The latest Wes Anderson film, “Isle of Dogs”, is as strange as one might expect from the acclaimed director. This stop-motion animation has a major star-studded voice cast, an interesting story, and offbeat humor.
The wide range of talent in the acting department is a big selling point. Bryan Cranston voices the lead dog, Chief, and he proves that even when voicing an animated character, he is able to create a compelling personality. The rest of the impressive cast consists of Edward Norton, Jeff Goldblum, Bill Murray, F. Murray Abraham, Scarlett Johansson and Frances McDormand. But in the end, Cranston’s character steals the show.
The story is very original. In the near future, a canine flu forces humanity to banish all dogs to a landfill island. When these intelligent dogs meet a young boy who lands on the island, they help him on a quest to search for his lost pet. Anderson is known for his very unique directing style, and “Isle of Dogs” contains all of his trademarks. Sometimes they work very well and other times not so much.
The movie moves at a brisk pace and is consistently entertaining. It is an aesthetically beautiful film with impressive animation and colorful locations. The universe the movie takes place in is very detailed and creative. The original score by Alexandre Desplat is great and utilizes a multitude of Asian drums that nicely fit the setting.
Though Wes Anderson’s unique style is the film’s greatest strength, it is also its greatest weakness. The key word to describe this film’s issues: overkill. There is an overabundance of characters, and most are barely given any development. The main boy and dog have a very touching relationship, but all the background characters are very static. Anderson also tries to incorporate too many plotlines in a failed attempt to get more out of this simple plot than he could.

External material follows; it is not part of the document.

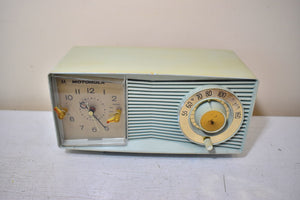 Bluetooth Ready To Go - Light Blue Green 1962 Motorola Model C2BHC Vacuum Tube AM Radio Sounds Great! Optical Illusion Grill!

The constant over explanation of the plot and pointless flashbacks therefore prevent this from being a better and more focused story.
Overall, “Isle of Dogs” is a fun, fast-paced and entertaining adventure that marks another success for Wes Anderson. The time and dedication put into the animation is commendable, and most people will find something to enjoy out of this oddly engaging cinematic experience.